Neste mesmo caso no Ceará, houve outro fator que mereceu destaque na análise, evidenciado na entrevista com o Sr. Willmar a respeito da capacidade de empatia e experimentação para tornar-se viável o projeto, ao mesmo tempo em que a essência da Mandalla foi mantida. Aconteceu logo no inicio deste projeto:

“Mas teve um dia que Willy discutiu com Ximenes, foi interessante, porque cada um estava defendendo a visão da sua instituição e conseguiram chegar num consenso comum, porque Ximenes queria em dois módulos, e Willy em seis. A gente tem que entender também a posição que os governos tem, é que o trabalho com a comunidade, o povo é muito ávido por rapidez, querem as coisas para ontem. Então a gente tem que tentar se moldar o quanto pode, mas ao mesmo tempo também não pode prostituir a idéia. Conversamos para apertar aqui, fizemos um processo de adaptação. Vai melhorando, e criamos juntos esse projeto, de acordo com a necessidade deles, fomos reduzindo os pontos para menos horas, e foi reduzindo até chegar num curso mais prático, prático, prático, para implementadores, formar implementadores, em três módulos. As pessoas que recebiam os treinamentos não tinham a capacidade de assimilar muita coisa. Então a gente já tentou direcionar todos os conteúdos, para ser o mais prático possível para a galera conseguir entender realmente.” (Willmar – entrevista 7)

Sucessivos estudos, idéias e modificações são testadas no Unicenter, e o Sistema Mandalla está em constante aperfeiçoamento, fruto da co-criação que acontece durante a realização dos projetos, nas relações com tantas pessoas, produtores, técnicos, secretários, prefeitos, empresários, professores, alunos, mulheres, e outros ainda. Somado aos desafios que são encontrados em cada implementação de Mandalla, para citar alguns, tipo de solo, fonte de água, cultura social da família, educação de pouca qualidade, jogos de interesses políticos, necessidade de reduzir custos.

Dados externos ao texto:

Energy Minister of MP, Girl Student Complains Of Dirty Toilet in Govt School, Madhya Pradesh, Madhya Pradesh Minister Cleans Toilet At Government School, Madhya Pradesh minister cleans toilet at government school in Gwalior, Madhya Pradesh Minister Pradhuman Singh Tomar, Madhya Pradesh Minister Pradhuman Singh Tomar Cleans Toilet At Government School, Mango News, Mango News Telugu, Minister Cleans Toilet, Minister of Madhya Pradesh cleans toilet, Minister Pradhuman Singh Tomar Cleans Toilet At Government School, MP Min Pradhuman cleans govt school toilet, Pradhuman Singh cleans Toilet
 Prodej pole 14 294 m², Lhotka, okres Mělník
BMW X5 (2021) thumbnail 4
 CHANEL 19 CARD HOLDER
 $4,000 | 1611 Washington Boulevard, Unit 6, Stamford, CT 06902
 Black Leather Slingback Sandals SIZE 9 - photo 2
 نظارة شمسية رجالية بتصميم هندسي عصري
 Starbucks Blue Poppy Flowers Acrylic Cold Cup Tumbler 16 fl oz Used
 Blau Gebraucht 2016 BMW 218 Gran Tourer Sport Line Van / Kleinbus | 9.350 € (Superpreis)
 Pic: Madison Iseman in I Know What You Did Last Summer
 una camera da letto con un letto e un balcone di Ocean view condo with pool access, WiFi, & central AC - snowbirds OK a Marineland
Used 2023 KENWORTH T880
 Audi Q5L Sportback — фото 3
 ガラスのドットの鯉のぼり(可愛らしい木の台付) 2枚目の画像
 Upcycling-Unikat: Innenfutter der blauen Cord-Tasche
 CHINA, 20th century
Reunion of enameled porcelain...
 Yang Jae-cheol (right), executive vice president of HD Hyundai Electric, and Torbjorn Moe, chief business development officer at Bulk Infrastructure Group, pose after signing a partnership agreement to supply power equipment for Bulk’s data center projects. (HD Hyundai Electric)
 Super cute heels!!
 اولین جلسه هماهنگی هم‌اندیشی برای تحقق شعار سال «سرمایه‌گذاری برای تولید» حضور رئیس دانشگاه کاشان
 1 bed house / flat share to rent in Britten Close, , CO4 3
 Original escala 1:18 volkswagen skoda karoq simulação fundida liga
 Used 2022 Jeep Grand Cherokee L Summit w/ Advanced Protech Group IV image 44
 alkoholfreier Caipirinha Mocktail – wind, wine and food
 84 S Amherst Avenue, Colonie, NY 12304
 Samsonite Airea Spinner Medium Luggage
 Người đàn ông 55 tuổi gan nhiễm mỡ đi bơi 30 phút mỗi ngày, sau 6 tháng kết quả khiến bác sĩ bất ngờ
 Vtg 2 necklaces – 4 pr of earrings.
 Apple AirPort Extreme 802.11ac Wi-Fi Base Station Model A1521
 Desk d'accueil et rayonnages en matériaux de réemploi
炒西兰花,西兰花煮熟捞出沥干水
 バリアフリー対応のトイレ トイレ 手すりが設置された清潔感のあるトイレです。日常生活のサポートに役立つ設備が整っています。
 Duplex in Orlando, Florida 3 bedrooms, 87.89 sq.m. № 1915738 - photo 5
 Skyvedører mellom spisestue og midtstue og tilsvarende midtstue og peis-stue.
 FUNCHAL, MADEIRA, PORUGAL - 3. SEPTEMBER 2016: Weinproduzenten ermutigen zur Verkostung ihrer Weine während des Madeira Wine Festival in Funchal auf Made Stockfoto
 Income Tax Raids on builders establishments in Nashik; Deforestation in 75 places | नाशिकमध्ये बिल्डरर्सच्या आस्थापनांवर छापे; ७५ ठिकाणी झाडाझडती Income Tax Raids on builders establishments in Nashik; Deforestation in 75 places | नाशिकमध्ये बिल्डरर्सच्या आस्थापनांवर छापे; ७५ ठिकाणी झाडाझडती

Um exemplo que demonstra uma das modificações significativas que aconteceram recentemente na Mandalla, é referente à sua estrutura de montagem, que ao invés de ser em círculos contínuos como era antes, passou a ser construída em deltas (fatias de bolo). O caso é contado por Itamar: “A mudança estrutural em deltas, facilita e ajuda na distribuição da água, na potência da utilização da água e da bomba. Antes quando ligava a bomba para irrigar os três primeiros círculos tinha uma potência para distribuição da água, quando trabalha o delta, dá uma potência melhor, e acaba dando um rendimento melhor também, não só para o consumo de energia” (Itamar – entrevista 1). Este tipo de mudança gera diversos impactos, que repercutem na praticabilidade da Mandalla, tornando-a constantemente mais e mais acessível e possível àqueles que estão na miséria e na pobreza, para quem todo e qualquer uso de recurso é essencial e pode ser revertido em alimentação, educação ou moradia.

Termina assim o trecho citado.